## Exercise
Would you transcribe each entry that follows word for word, minus the images?

(Saved entries)
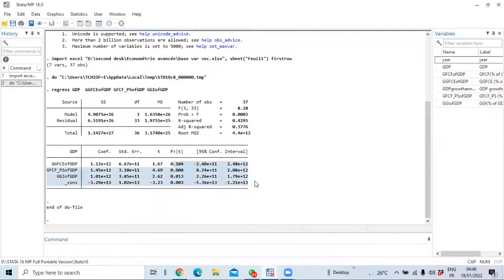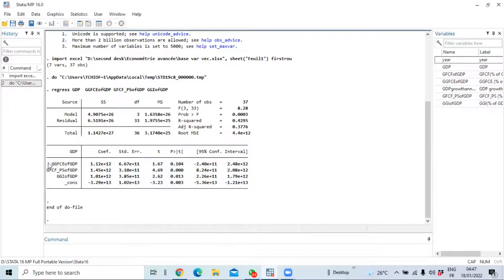If we estimate only by OLS, we cannot directly interpret the coefficients because some hypotheses are not satisfied — for example, non-autocorrelation of error terms. We have already checked that the error terms are autocorrelated, and we are now showing the procedure to correct that. Interpreting OLS coefficients requires verifying all the classical hypotheses: normality of error terms, homoscedasticity, and no error term autocorrelation.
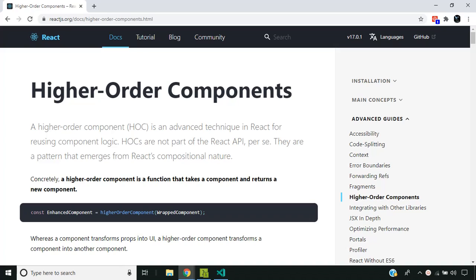Hi all, today we take a look at the higher order components which are commonly used in React due to its component-based architecture. By definition, a higher order component is a function which takes a component as an input and returns a new component.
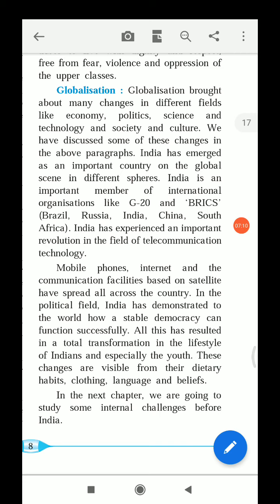In the political field, India has demonstrated to the world how a stable democracy can function successfully. This has resulted in a total transformation in the lifestyle of Indians, especially the youth. These changes are visible from dietary habits, clothing, language, and beliefs.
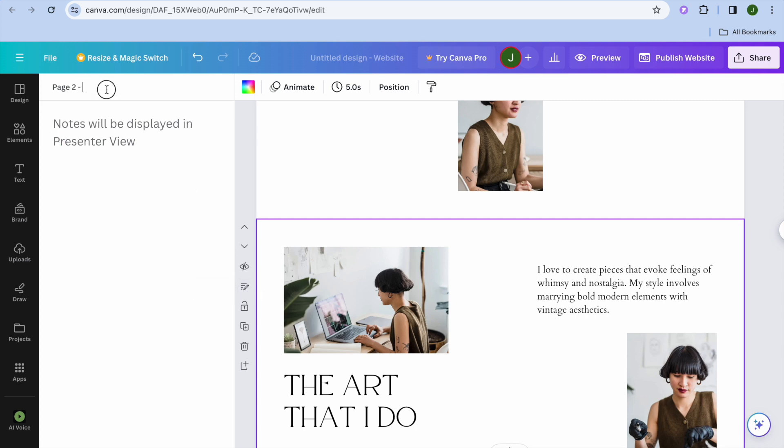And then from there, you can call page two. For example, I could call page two portfolio. So I'll do that real quick.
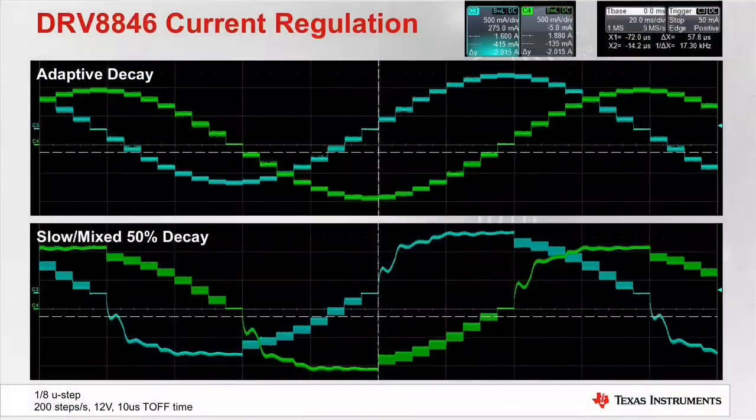The most common trouble area is the loss of current regulation when holding or at low speed. This can be seen in the following image, which is running the stepper motor at 200 steps per second at 1/8th microstep resolution. The scope capture on top is an example of a desired current waveform showing both windings. Note the current appears as a sine and cosine wave. The bottom image is an example of loss of current regulation.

## Final answer
If we estimate only by OLS, we cannot directly interpret the coefficients because some hypotheses are not satisfied — for example, non-autocorrelation of error terms. We have already checked that the error terms are autocorrelated, and we are now showing the procedure to correct that. Interpreting OLS coefficients requires verifying all the classical hypotheses: normality of error terms, homoscedasticity, and no error term autocorrelation.
Hi all, today we take a look at the higher order components which are commonly used in React due to its component-based architecture. By definition, a higher order component is a function which takes a component as an input and returns a new component.
In the political field, India has demonstrated to the world how a stable democracy can function successfully. This has resulted in a total transformation in the lifestyle of Indians, especially the youth. These changes are visible from dietary habits, clothing, language, and beliefs.
And then from there, you can call page two. For example, I could call page two portfolio. So I'll do that real quick.
The most common trouble area is the loss of current regulation when holding or at low speed. This can be seen in the following image, which is running the stepper motor at 200 steps per second at 1/8th microstep resolution. The scope capture on top is an example of a desired current waveform showing both windings. Note the current appears as a sine and cosine wave. The bottom image is an example of loss of current regulation.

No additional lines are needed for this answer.